The Risk Assessment Document was revised in 2017. Under the Safety, Health and Welfare at work Act, 2005, it is a legal requirement for every farm to have an up-to-date Risk Assessment Document (RAD) completed.
“The Risk Assessment Document is a user-friendly document, easy to complete and update.”
“Each safety section is clearly outlined, and the risk assessment is straightforward. When answering the pre-printed questions, you simply tick Yes, No or N/A.”
“If you feel that the handbrake on the tractor is not 100%, then this should be identified as ‘No’ on the tractor page and highlighted on the action list at the back of the Risk Assessment Document.”
She said a farmer’s action list should contain items that you have identified as not meeting the safety standards on your farm.
“There is little to be gained from ticking yes to all questions while ignoring major safety issues on your farm.”
“Completing the safety assessment properly is another step in ensuring safer working conditions for you, your family and all those who work on your farm.”
Unfortunately, the number of farm fatalities remains too high.
The highest number of accidents and fatalities occur in three main categories:
“Tractors are the workhorse of the farm, and regardless of the scale and enterprise on your farm, the tractor is the one vehicle that cannot be done without.”
“A thorough risk assessment on your tractor(s) is crucial. Page 9 of the RAD lists a comprehensive checklist and safety practices in relation to tractor safety.”
She said that quads bike and farm vehicles fall under this category and you should risk assess them.
Gibbons stated that while many farmers employ contractors to carry out the majority of machinery operations, there are still a number of machines on all farms that can cause injury and fatalities.
The checklist for machinery is on page 11 of the RAD; this includes cattle trailers.
Again, give the checklist thought. If there is an item that does not meet the safety standard, note it on the action list.

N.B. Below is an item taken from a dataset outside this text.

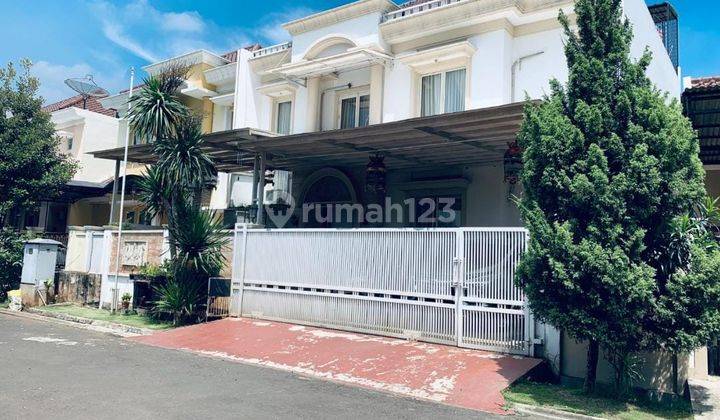 tampak depan rumah 2 lantai siap huni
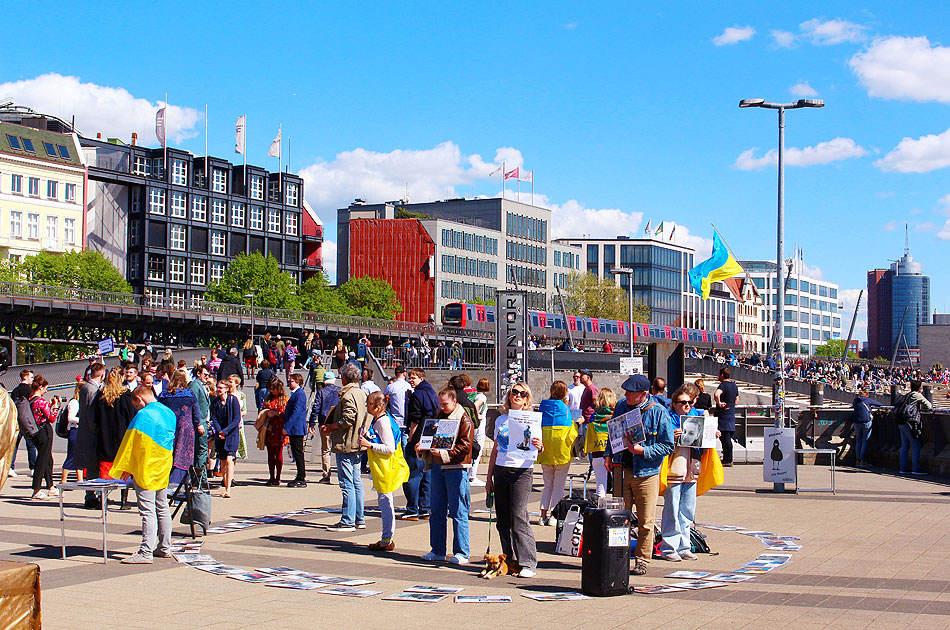 Demo von Ukrainern an den Landungsbrücken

It is the breeding season on most farms. This will mean a stock bull running with the herd or identifying cows for AI. This can bring about an increase in livestock handling – particularly if heifers or cows need to be brought in from grazing ground for AI.
Ensure you have adequate facilities to funnel the stock in from the fields and that you carry out movement calmly and without stress to animals.
“An excited or stressed animal can be dangerous and difficult to control. Always ensure you move animals in small groups and not individually.”
“The bull should have a ring and chain and should never be trusted, even if he has never previously displayed any form of aggression.”
“You should always behave as if he has the potential to attack or charge. Herding in your jeep or quad during the breeding season will help reduce this risk.”
Farmers can reduce risks
“As with all aspects of farm safety, it is impossible to foresee every potential problem. However, giving time to completing an honest risk assessment document for your farm is an excellent start to reducing the risk.”
“The hazards will always be there. It is the agricultural environment, but farmers have it in their control to reduce the risks.”
Gibbons said that the Risk Assessment Document should be an “active working document”.
The whole family should be familiar with it, and should any of you notice an area for improvement. This should be included in the action list and addressed when the time is available.
“Attitudes are everything. It is easy to get totally focused on the end result. It’s not until a farmer encounters a ‘near miss’ or worse that attention quickly reverts to safety,” Gibbons concluded.